1 files changed, 20 insertions, 20 deletions

diff --git a/sem6/prob/m3/noter.md b/sem6/prob/m3/noter.md
index 23990ef..c784a6a 100644
--- a/sem6/prob/m3/noter.md
+++ b/sem6/prob/m3/noter.md
@@ -19,7 +19,7 @@ $$
     E[X] = \int_{\infty}^{\infty} x f(x) \mathrm{dx}
 $$
 
-Can also calculate expectation distribution function:
+Can also calculate expectation distribution function, however this can only be used if all values are non-negative:
 
 $$
     E[X] = \sum_{k=0}^{\infty} P(X > k) \\
@@ -55,7 +55,7 @@ $$
     E[Z] = \sum_{i} \sum_{j} g(x_i, y_j) \cdot p(x_i, y_j)
 $$
 
-If discrete just use integrals instead.
+If continues just use integrals instead.
 
 $$
     E[Z] = \int_{-\infty}^{\infty} \int_{-\infty}^{\infty} g(x, y) \cdot f(x, y) \mathrm{dxdy}
@@ -69,27 +69,27 @@ $$
 
 If $X$ and $Y$ are **independent** the following is true:
 
-$$
-    E[g_1(X) \cdot g_2(Y)] = E[g_1(X)] \cdot E[g_2(Y)] \\
-    E[X \cdot Y] = E[X] \cdot E[Y]
-$$
+\begin{align*}
+    E[g_1(X) \cdot g_2(Y)] &= E[g_1(X)] \cdot E[g_2(Y)] \\
+    E[X \cdot Y] &= E[X] \cdot E[Y]
+\end{align*}
 
 ## Variance
 
 Describes the mean of the distance between outcomes and the overall mean.

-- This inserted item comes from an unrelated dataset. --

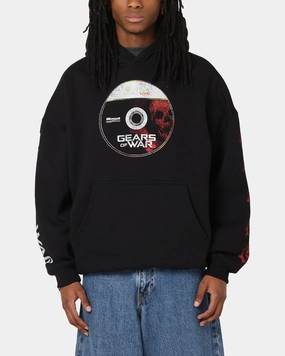 Quick Pullover Design low pressure situation 73 Studio X Gears Of War '08 Gears 2 Disc Premium Hoodie Black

 Good way to describe the spread of the random variable.
 
-$$
-Var(X) = E[(X - E[X])^2] \\
-Var(X) = E[X^2] - E[X]^2
-$$
+\begin{align*}
+    Var(X) &= E[(X - E[X])^2] \\
+    Var(X) &= E[X^2] - E[X]^2
+\end{align*}
 
 If there is no power of two, it will be mean minus mean, which wont work.
 
 One can define the *standard deviation* to bring back the unit from squared.
 
 $$
-    Std(X) = \sqrt{ (Var(X)) }
+    Std(X) = \sqrt{ Var(X) }
 $$
 
 A rule for variance:
@@ -110,21 +110,21 @@ If X and Y are independent the Cov part disappears.
 
 ## Covariance
 
-$$
-    Cov(X,Y) = E[(X - E[X]) \cdot (Y - E[Y])] \\
-    Cov(X,Y) = E[XY] - E[X] \cdot E[Y]
-$$
+\begin{align*}
+    Cov(X,Y) &= E[(X - E[X]) \cdot (Y - E[Y])] \\
+    Cov(X,Y) &= E[XY] - E[X] \cdot E[Y]
+\end{align*}
 
 Shows whether two variables vary together, can be both positive and negative.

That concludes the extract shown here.